WHAT YOU ARE ASKED TO DO — The answer should hold only the lines from the one containing "VIERA D300 TH-32D300" through the one containing "Криминальный фотограф каждый" in the entries below, copied exactly, without pictures.

DATA FOR PROCESSING —
******************************
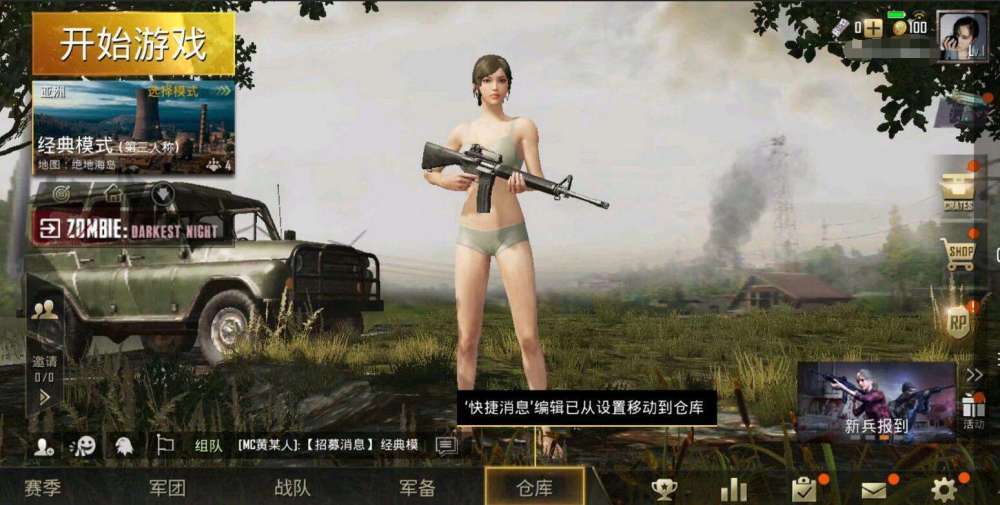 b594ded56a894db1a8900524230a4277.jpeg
******************************
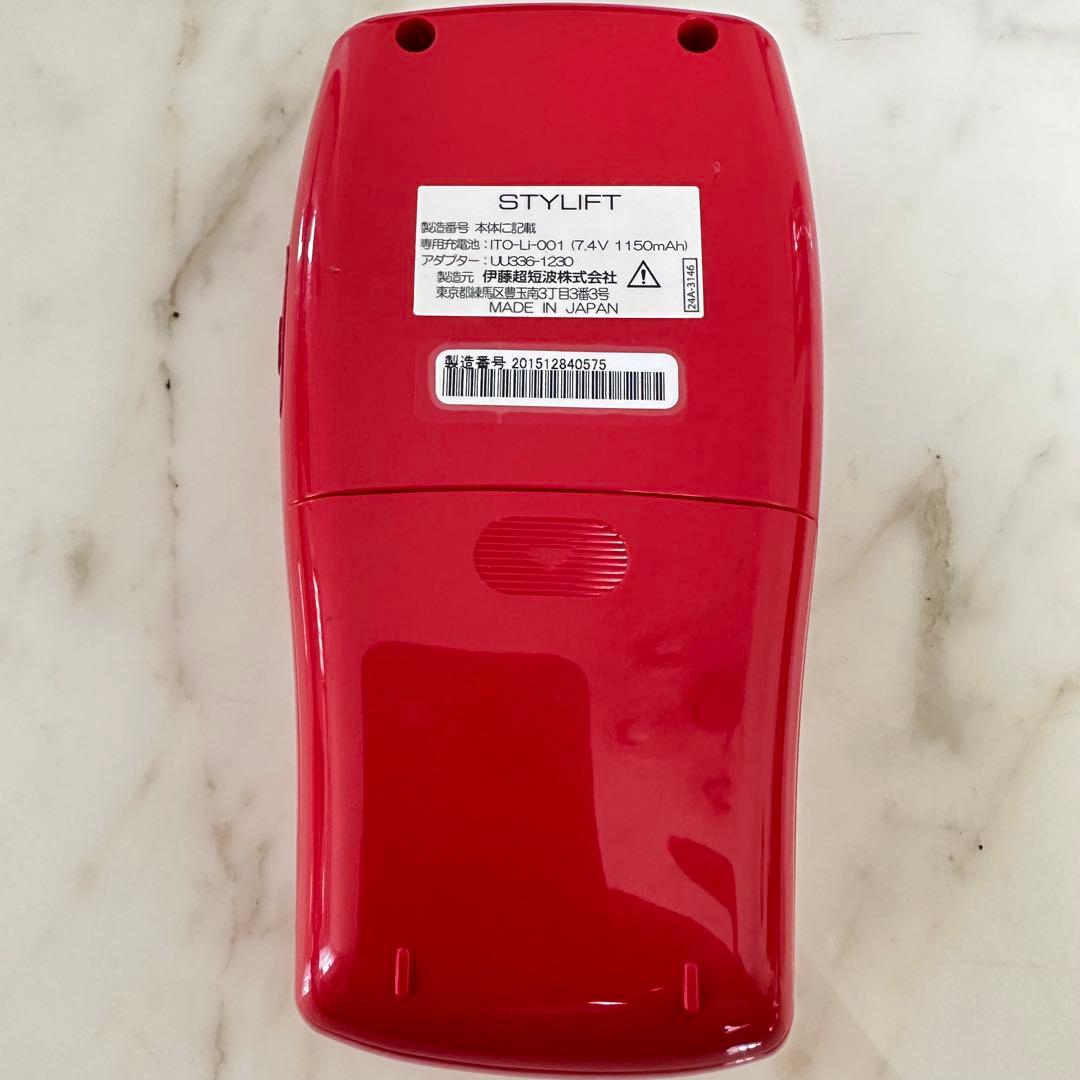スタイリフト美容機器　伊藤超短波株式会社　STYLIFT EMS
******************************
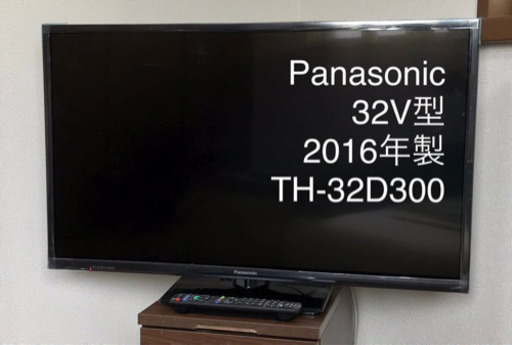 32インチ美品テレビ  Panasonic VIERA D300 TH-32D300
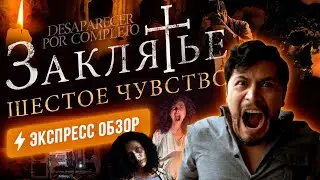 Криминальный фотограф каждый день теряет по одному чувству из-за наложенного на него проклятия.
******************************
ANSWER SPACE —
 32インチ美品テレビ  Panasonic VIERA D300 TH-32D300
 Криминальный фотограф каждый день теряет по одному чувству из-за наложенного на него проклятия.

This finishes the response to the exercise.